THE WORLD’S largest home-improvement retailer, Home Depot, has posted sales of $15.1bn (£9.3bn) in its fourth quarter results.
Analysts had predicted lower revenues of $14.8bm.
The US firm, which operates 2,248 retail stores worldwide, also updated its profit forecasts for this year on the back of the stronger than expected performance.
It said it now anticipated a 2.5 per cent increase in sales for this year, with earnings per share increasing approximately 9.5 per cent to $2.20.
Home Depot’s net income increased to $587m in the three months to 30 January this year, up from $301m a year earlier.
Overall sales last year for the firm hit $68bn, an increase of 2.8 per cent on a year earlier. Earnings per diluted share were $2.01, compared to $1.55 per diluted share a year earlier.
The company said it planned to open ten new stores this year and repurchase approximately $2.5bn of outstanding shares.

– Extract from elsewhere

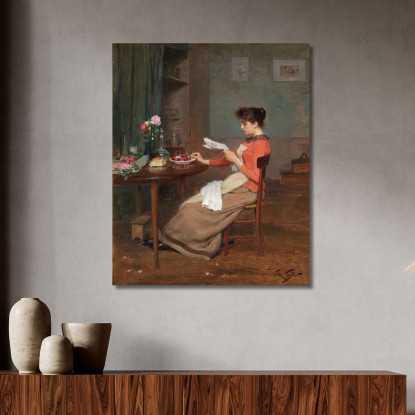 Leggendo Le Notizie Victor Gabriel Gilbert vgg29 quadro stampato su tela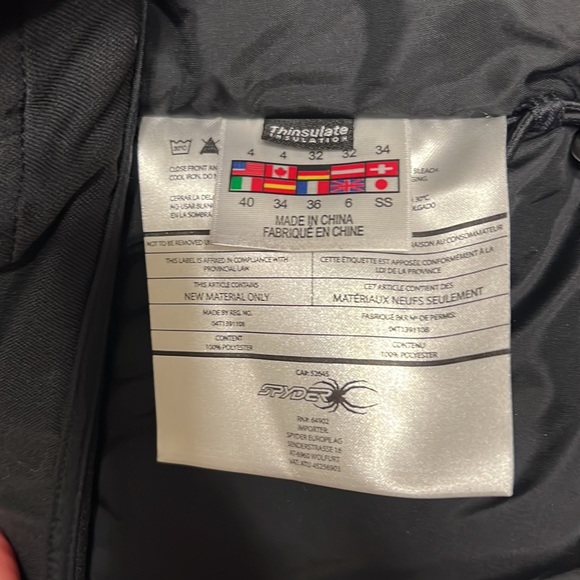 Spyder black starburst snowboard ski jacket size 4 winter coat cold weather - Picture 14 of 16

Chairman and chief executive Frank Blake said: “We continued to invest in our business and made solid progress against our key initiatives.
“We completed the roll out of our Rapid Deployment Centers, an important part of our distribution network; we saw year-over-year improvement in customer service ratings; and we continued progress on our merchandising transformation. Our actions, coupled with an improving economy, resulted in positive sales growth for the year, the first time since 2006.
“Our associates did an outstanding job in 2010. Their hard work and dedication made these accomplishments possible.”